Everything from the line containing "Mercedes-Benz Спринтер: 2003" down to the last line below should be set down exactly, and only that, without the pictures.

Provided data -

[Start of Attachment]

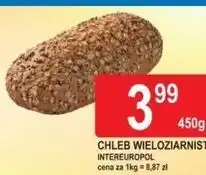 E.Leclerc Chleb wieloziarnisty Intereuropol oferta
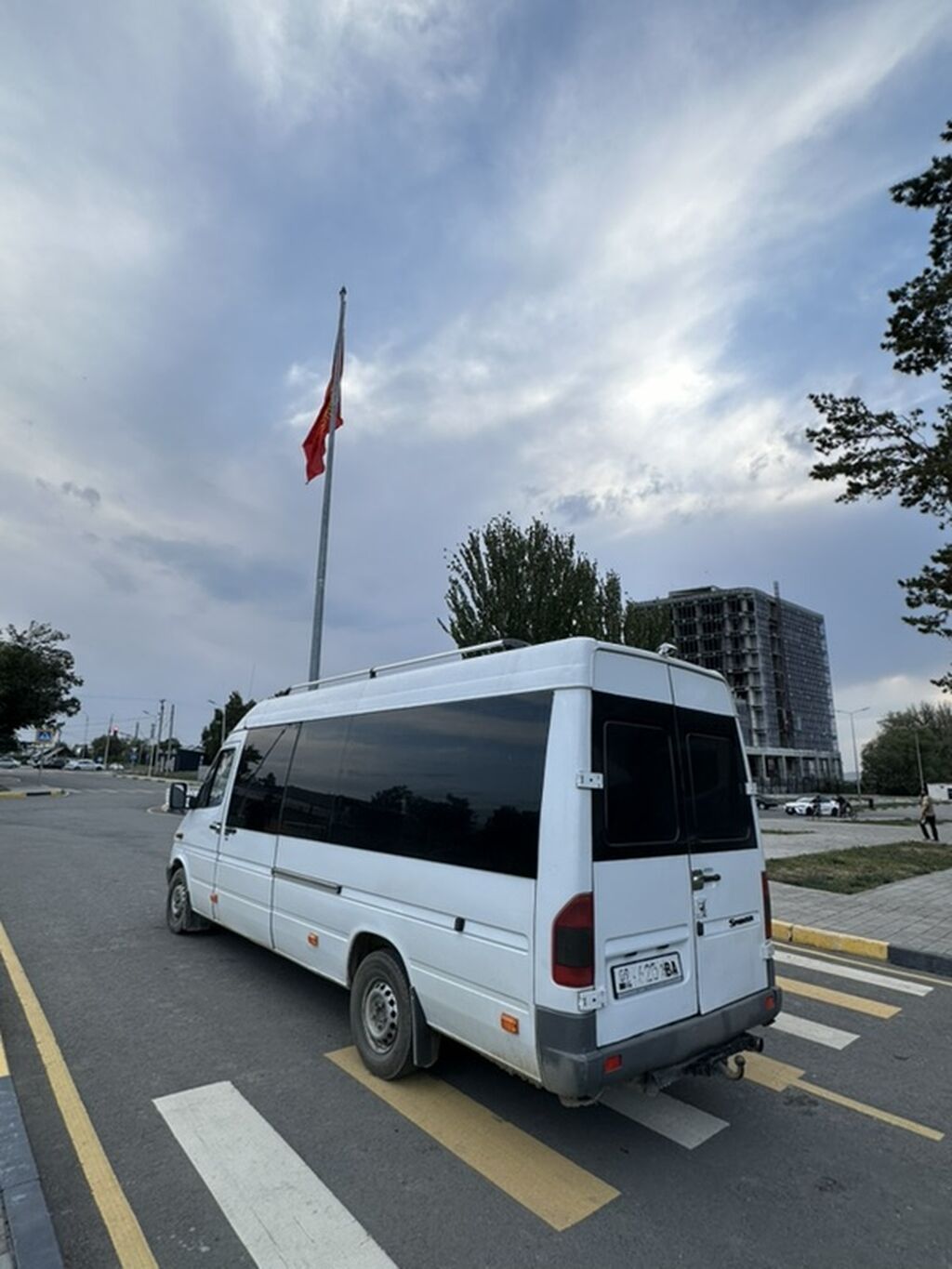 Mercedes-Benz Спринтер: 2003 г., 2.2 л, Механика, Дизель, Бус: фото 5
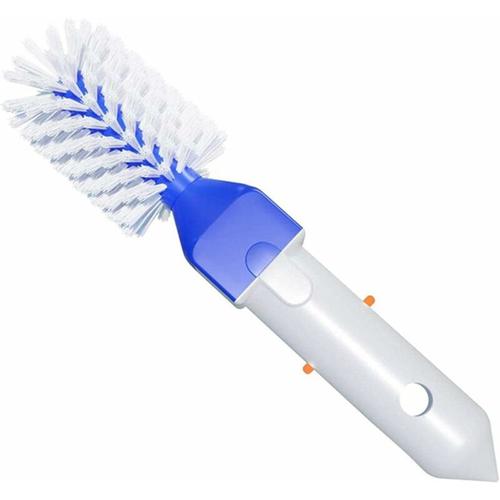 Brosse d'angle pour piscine, jacuzzi, spa, brosse de nettoyage de piscine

[End of Attachment]

Your solution -
 Mercedes-Benz Спринтер: 2003 г., 2.2 л, Механика, Дизель, Бус: фото 5
 Brosse d'angle pour piscine, jacuzzi, spa, brosse de nettoyage de piscine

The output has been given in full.